Pour notre part, les schémas que nous mettons en place depuis de nombreuses années tiennent compte des problématiques liées à la valorisation de l’usufruit. Depuis l’extension de l’abus de droit au but principalement fiscal (mini abus de droit), nous avons fait évoluer nos schémas de demembrement de parts sociales de SCI, afin de les mettre à l’abri des conséquences d’un éventuel mini abus de droit, au prix d’une atténuation de l’intérêt fiscal, mais ils restent nettement plus intéressants fiscalement que tous autres schémas, s’il est considéré que le bien immobilier détenu par la SCI fera à terme l’objet d’une cession, comme nous l’exposons dans notre article « Quel régime fiscal choisir pour une acquisition immobilière ? ».

 

Ainsi, nous considérons que le mini abus de droit ne met pas fin aux opérations de démembrement de parts sociales de SCI pour autant que le schéma soit réalisé avec rigueur et sans volonté de favoriser exagérément le nu-propriétaire.

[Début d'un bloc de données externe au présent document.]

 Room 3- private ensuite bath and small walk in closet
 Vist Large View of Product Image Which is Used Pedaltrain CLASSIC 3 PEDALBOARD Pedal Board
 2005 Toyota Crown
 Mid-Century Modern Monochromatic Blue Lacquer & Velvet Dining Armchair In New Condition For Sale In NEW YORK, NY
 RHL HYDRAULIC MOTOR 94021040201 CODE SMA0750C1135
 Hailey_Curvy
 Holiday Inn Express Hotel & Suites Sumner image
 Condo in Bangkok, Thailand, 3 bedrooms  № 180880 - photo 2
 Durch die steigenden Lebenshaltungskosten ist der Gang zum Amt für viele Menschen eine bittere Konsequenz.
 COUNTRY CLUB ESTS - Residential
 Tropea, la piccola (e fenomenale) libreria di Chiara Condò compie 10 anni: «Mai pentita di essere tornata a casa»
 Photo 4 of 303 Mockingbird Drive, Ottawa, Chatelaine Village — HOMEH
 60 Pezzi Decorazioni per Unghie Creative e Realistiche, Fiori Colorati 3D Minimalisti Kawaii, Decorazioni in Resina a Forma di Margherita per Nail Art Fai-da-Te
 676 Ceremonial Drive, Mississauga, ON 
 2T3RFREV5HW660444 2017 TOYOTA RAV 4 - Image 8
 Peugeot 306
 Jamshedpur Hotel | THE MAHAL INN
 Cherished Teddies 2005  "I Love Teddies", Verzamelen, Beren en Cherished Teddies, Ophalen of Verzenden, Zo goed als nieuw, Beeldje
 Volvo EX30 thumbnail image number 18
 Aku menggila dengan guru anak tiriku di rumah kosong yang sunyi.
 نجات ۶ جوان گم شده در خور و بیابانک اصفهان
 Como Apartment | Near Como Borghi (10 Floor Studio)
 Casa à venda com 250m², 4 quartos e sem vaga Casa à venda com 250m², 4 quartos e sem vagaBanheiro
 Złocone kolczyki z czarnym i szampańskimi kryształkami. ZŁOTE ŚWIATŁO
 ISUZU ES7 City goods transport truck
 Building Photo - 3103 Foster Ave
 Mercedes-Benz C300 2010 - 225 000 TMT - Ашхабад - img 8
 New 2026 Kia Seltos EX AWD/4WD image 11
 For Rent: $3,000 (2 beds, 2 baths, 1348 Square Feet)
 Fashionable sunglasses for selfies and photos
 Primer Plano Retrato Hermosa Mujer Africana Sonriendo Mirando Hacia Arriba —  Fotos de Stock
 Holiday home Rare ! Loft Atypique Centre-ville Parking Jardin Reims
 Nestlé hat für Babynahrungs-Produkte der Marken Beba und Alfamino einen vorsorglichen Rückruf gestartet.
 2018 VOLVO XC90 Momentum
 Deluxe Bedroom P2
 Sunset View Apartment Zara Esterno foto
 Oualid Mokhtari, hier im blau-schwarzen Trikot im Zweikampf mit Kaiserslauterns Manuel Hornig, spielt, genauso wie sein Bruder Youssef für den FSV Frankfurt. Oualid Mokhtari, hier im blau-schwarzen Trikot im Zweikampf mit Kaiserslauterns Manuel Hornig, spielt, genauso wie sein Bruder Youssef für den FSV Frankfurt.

En revanche, comme nous l’exposons dans notre article, « Notre intervention dans les schémas fiscaux d’acquisition immobilière », nous considérons qu’il y a lieu d’éviter les schémas de démembrement par constitution par le futur nu-propriétaire d’une SCI au capital symbolique suivi de la cession d’un usufruit temporaire à un prix également symbolique, pouvant être remise en cause sur le fondement de l’abus de droit et tous les schémas parfois pratiqués pouvant conduire à une sur ou sous-évaluation de l’usufruit ou à une imposition sur nu-propriétaire sur une partie des revenus fonciers de la SCI ou au titre d’un avantage occulte consenti par la société usufruitière.